Por: Ramiro Andrés Gutiérrez
Hace unos días alguien me dijo una frase que me dejó pensando, “Estamos tan ocupados sosteniendo todo, que nos olvidamos de sostenernos a nosotros mismos.”
La escuché y sentí que tenía mucho sentido. Vivimos en una época donde pareciera que sostenerlo todo, el trabajo, la familia, la imagen, las relaciones, es casi una obligación. Sin embargo, pocos nos detenemos a pensar en lo que implica sostenerse a uno mismo.
Desde pequeños nos enseñaron que debíamos darlo todo por los demás. Ser buenos hijos, buenos amigos, buenos padres, buenos compañeros. Nos criaron con la idea de que pensar en nosotros mismos era sinónimo de egoísmo, y que servir al otro era la máxima expresión de la bondad. Pero en ese afán por responder a lo que se espera de nosotros, terminamos poniéndonos al final de la lista. Nos olvidamos de escucharnos, de cuidarnos, de reconocer que también necesitamos descansar, detenernos, sanar.
No está mal servir, amar o acompañar. Lo que está mal es hacerlo desde el agotamiento o la carencia. Porque solo podemos dar lo que tenemos dentro. Y si estamos rotos, vacíos o confundidos, lo que entregamos inevitablemente llevará algo de eso. Cuidarse no es egoísmo, es responsabilidad. Es entender que el bienestar personal también es una forma de amor hacia los demás, porque solo quien está en equilibrio puede ofrecer algo genuino.
Nos cuesta aceptar que no estamos obligados a dar. Que no tenemos compromisos eternos con nadie, así como nadie los tiene con nosotros. Ni los padres con los hijos, ni los hijos con los padres, ni las parejas entre sí. Puede sonar descabellado, incluso duro, pero comprenderlo nos libera. Nos permite agradecer los pequeños gestos, valorar las atenciones y los detalles sin darlos por sentado. Cuando dejamos de asumir que los demás nos deben algo, empezamos a disfrutar lo que llega como un regalo y no como una deuda.
El problema es que nos llenamos de expectativas. Esperamos demasiado de todo, de las personas, de los trabajos, de las experiencias. Y cuando la realidad no encaja con nuestras expectativas, llega la desilusión. Perdemos la capacidad de asombro, esa que nos permitía disfrutar de lo simple. Nos acostumbramos tanto a sostener que olvidamos cómo soltar.
Y mientras tanto, seguimos aparentando fortaleza. Nos esforzamos por cumplir, por no defraudar, por mantener una imagen de control. Pero en el fondo, estamos cansados. Cansados de sostener lo que pesa, de fingir que todo está bien, de ignorar nuestras propias emociones.

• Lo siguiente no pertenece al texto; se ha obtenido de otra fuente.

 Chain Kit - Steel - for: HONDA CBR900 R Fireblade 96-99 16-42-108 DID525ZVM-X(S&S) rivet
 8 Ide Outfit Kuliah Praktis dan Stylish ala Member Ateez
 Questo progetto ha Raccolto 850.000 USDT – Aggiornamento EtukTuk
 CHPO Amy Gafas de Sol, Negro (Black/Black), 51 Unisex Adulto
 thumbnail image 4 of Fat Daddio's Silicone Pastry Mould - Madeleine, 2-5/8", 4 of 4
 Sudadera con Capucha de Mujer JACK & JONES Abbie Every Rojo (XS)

Tal vez ha llegado el momento de bajar los brazos por un momento. De permitirnos sentir sin culpa, de darnos gusto, de escucharnos con honestidad. No se trata de abandonar nuestras responsabilidades, sino de recordar que nosotros también merecemos cuidado. Porque cuando dejamos de sostenernos, todo lo demás, tarde o temprano, se viene abajo. A veces, lo más valiente no es seguir sosteniendo, si no saber cuándo parar y permitirnos ser vulnerables.